--- PROVIDED MATERIAL Enclosed Below ---

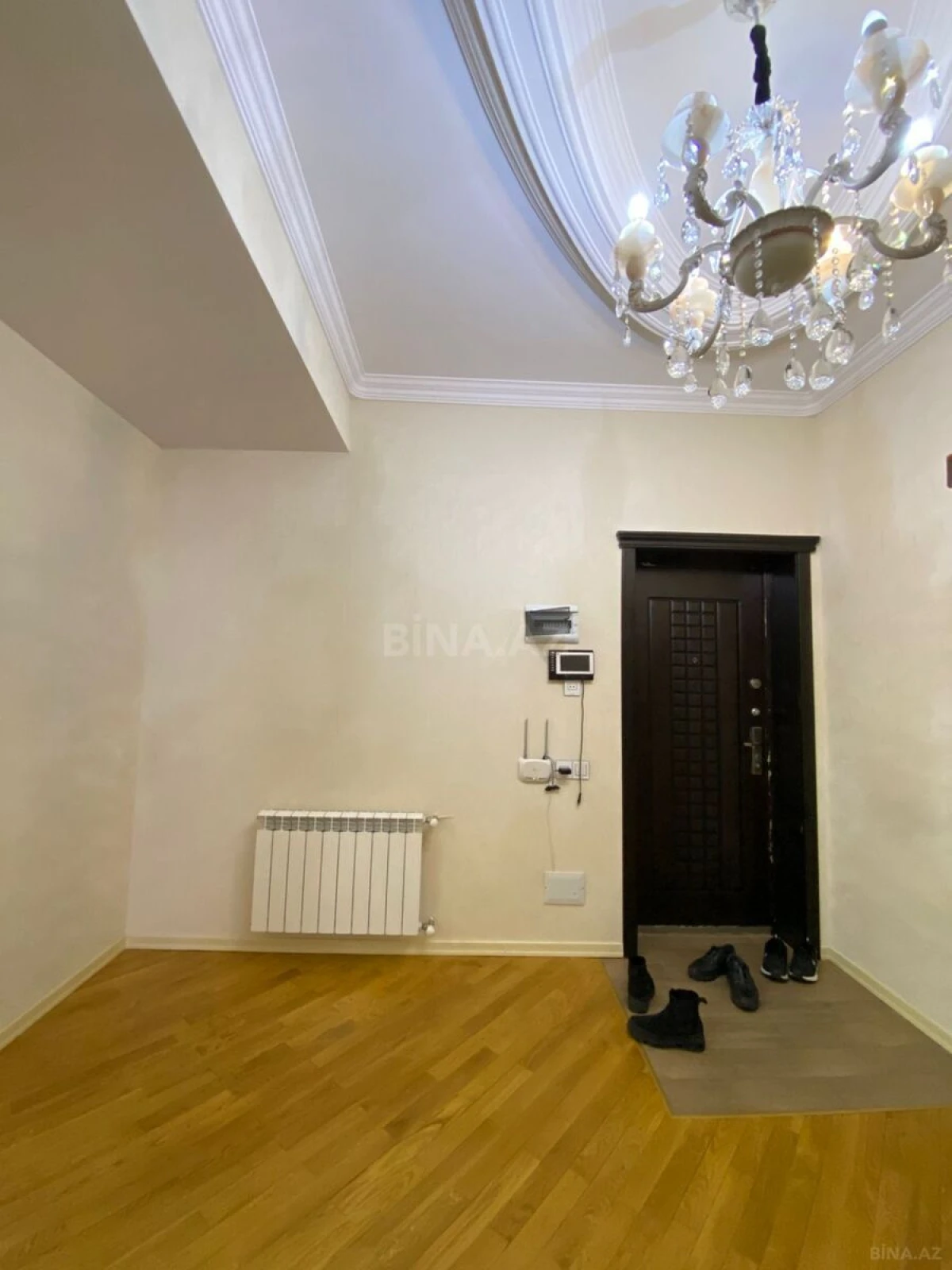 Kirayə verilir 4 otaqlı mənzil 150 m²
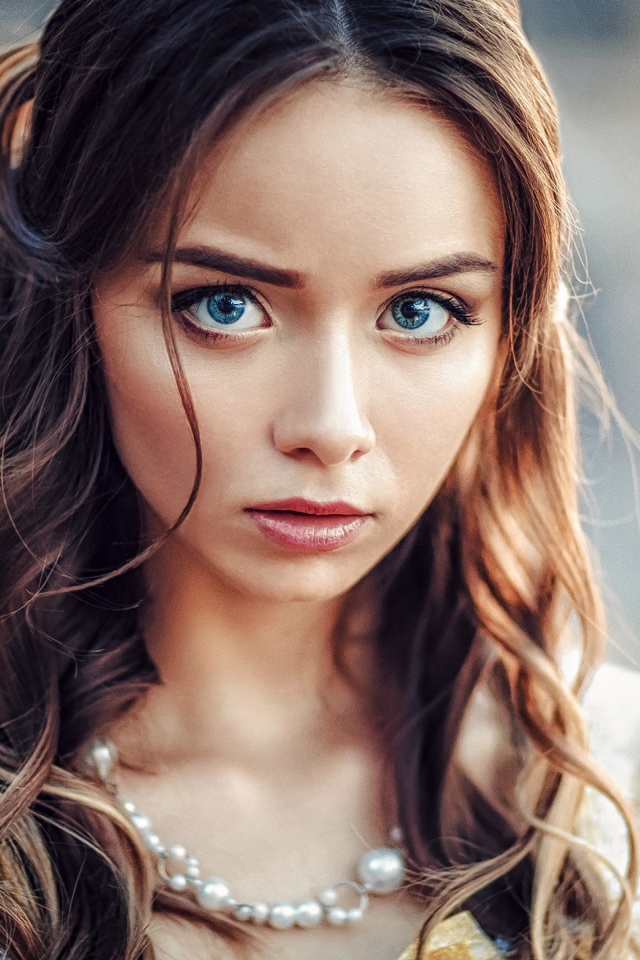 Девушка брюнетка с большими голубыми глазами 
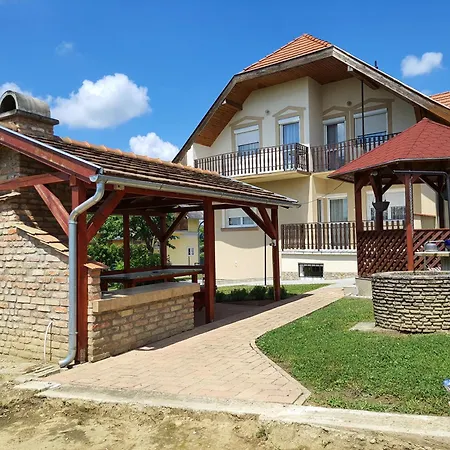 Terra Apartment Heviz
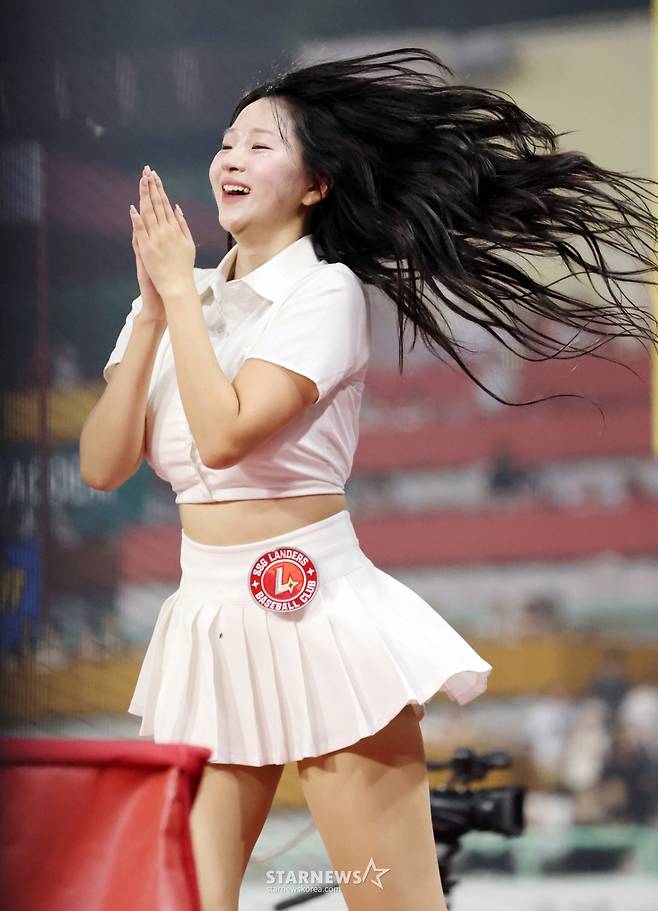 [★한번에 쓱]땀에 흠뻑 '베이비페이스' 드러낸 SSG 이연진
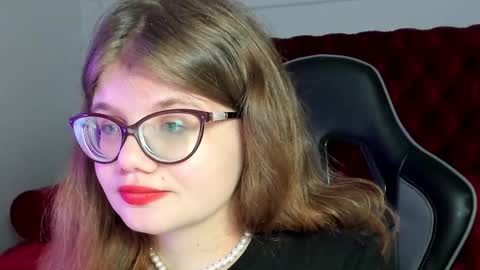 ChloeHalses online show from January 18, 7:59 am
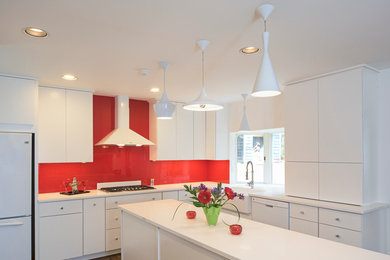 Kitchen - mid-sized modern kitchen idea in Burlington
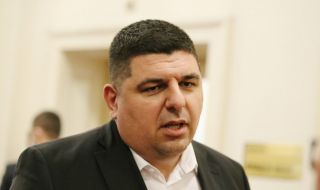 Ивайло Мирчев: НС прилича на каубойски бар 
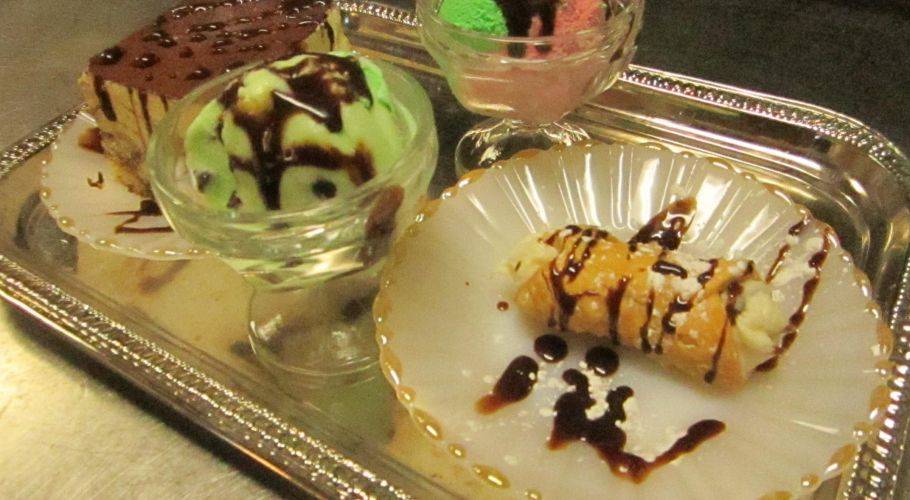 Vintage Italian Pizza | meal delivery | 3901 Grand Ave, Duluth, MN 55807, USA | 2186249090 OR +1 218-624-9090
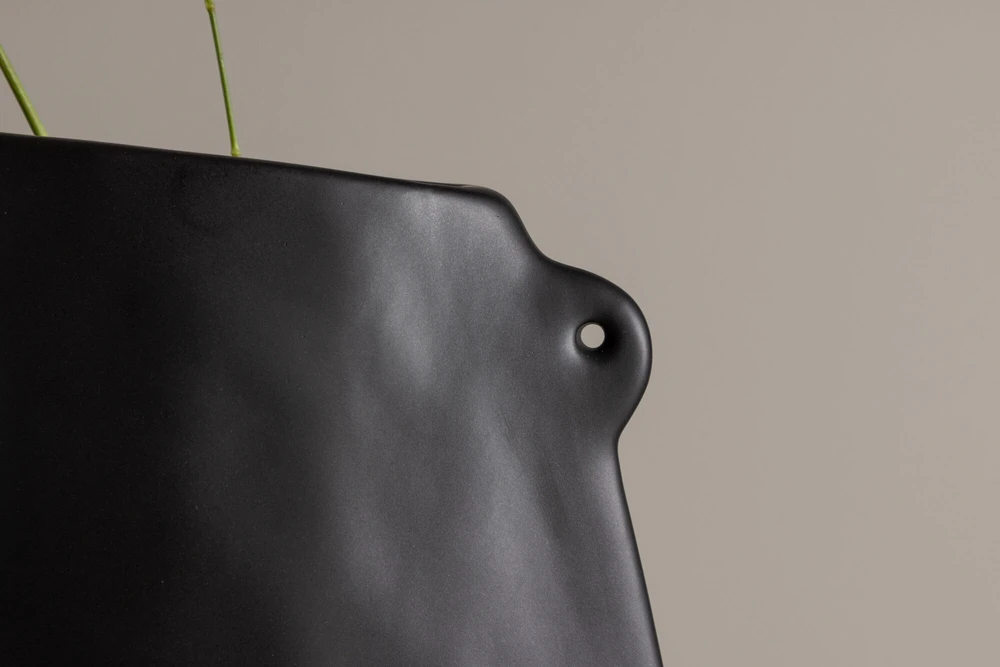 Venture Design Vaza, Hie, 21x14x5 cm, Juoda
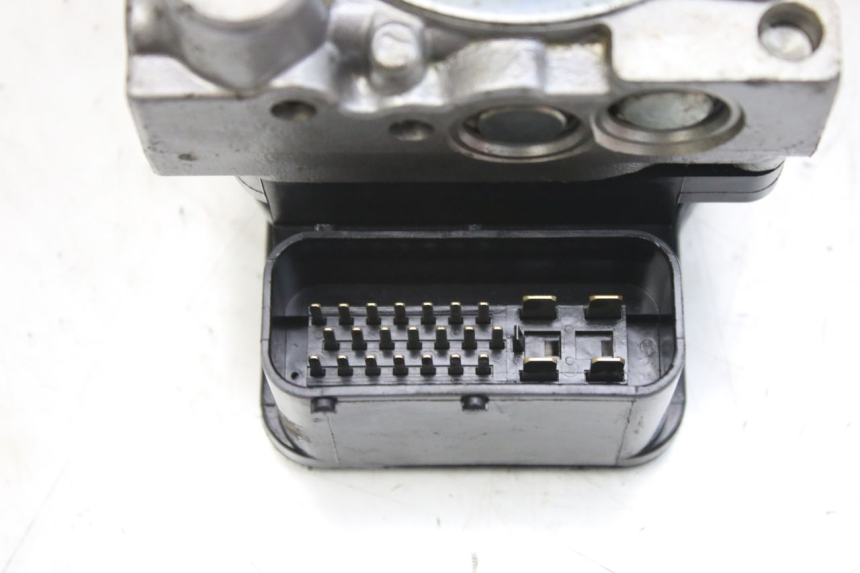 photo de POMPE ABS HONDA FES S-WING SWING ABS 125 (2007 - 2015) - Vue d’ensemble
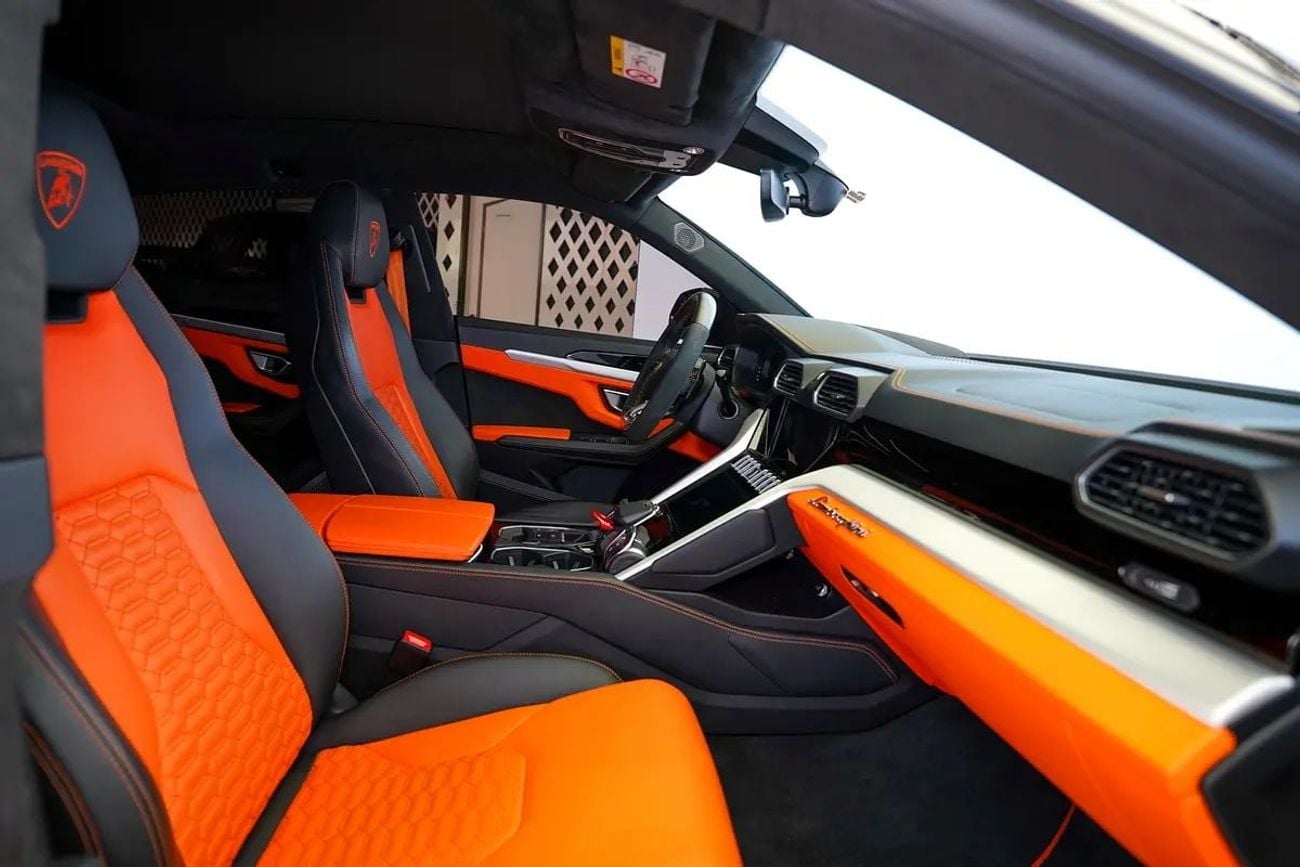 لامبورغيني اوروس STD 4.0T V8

--- End of Enclosed PROVIDED MATERIAL ---

Please, leaving out all pictures, transcribe exactly the lines above from the one containing "Vintage Italian Pizza" through the final line, both included.

**EXERCISE RESPONSE:**
 Vintage Italian Pizza | meal delivery | 3901 Grand Ave, Duluth, MN 55807, USA | 2186249090 OR +1 218-624-9090
 Venture Design Vaza, Hie, 21x14x5 cm, Juoda
 photo de POMPE ABS HONDA FES S-WING SWING ABS 125 (2007 - 2015) - Vue d’ensemble
 لامبورغيني اوروس STD 4.0T V8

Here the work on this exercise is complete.